The Case of the Borrowed Brunette by Erle Stanley Gardner
Review by Matt B. (BuffaloSavage)
The 28th Perry Mason novel was published in 1946. Shortages of housing and consumer products suggest a post-WWII setting as does the tough road of women trying to make it in a man’s world. For instance, Helen Reedley is trying to get out of a marriage in which her husband holds the economic whip hand besides being a domineering oaf. Also, working girl Eva Martell, to make a few bucks and get noticed in Hollywood, accepts a job in which she has to impersonate another woman. Worried that she may be placed in vulnerable legal position, she and her chaperone Adelle Winters consult crack attorney Perry Mason.
The usual inevitabilities arise. A dodgy gambler turned blackmailer is found with a bullet betwixt his eyes. The cops want to pin the killing on Eva and Adelle just because they have an eyewitness report that Adelle put her gun – the murder gun – in a garbage pail. The DA’s hatchet man is out to cut Mason down to size on legal technicalities and secure the flamboyant lawyer’s disbarment. The outcome hinges on a determination of when the crime was in fact committed, not when it seems to have been committed.

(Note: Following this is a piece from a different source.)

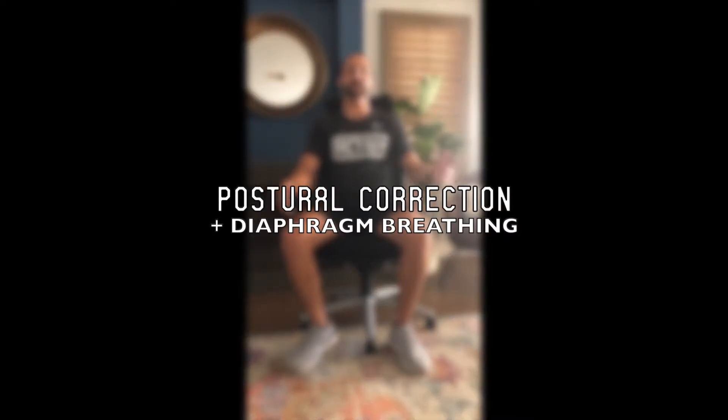Hello, Activate. Here I am from my lovely living room, brought inside today. Today we're talking about posture and some diaphragm function that goes along with posture.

But Gardner departs from the norm aplenty. Unexpectedly, familiar characters such as Della Street, Lt. Tragg, and DA Ham Burger don’t play big roles. But there are many more suspects than the usual three or four, all of whom have cool retro names: Orville L. Reedley, Cora Felton, Daphne Gridley, Carlotta Tipton, and Arthur Clovis. Mason and his PI Paul Drake have extensive and complicated conversations exonerating the persons of interest.
Despite a lot of talking, this novel is one of the more exciting and riveting outings purely on the basis of rational thinking. I mean, enthralling given the reader accepts the initial premise of the impersonation, which, to my mind, often does not come off as convincing in whodunnits.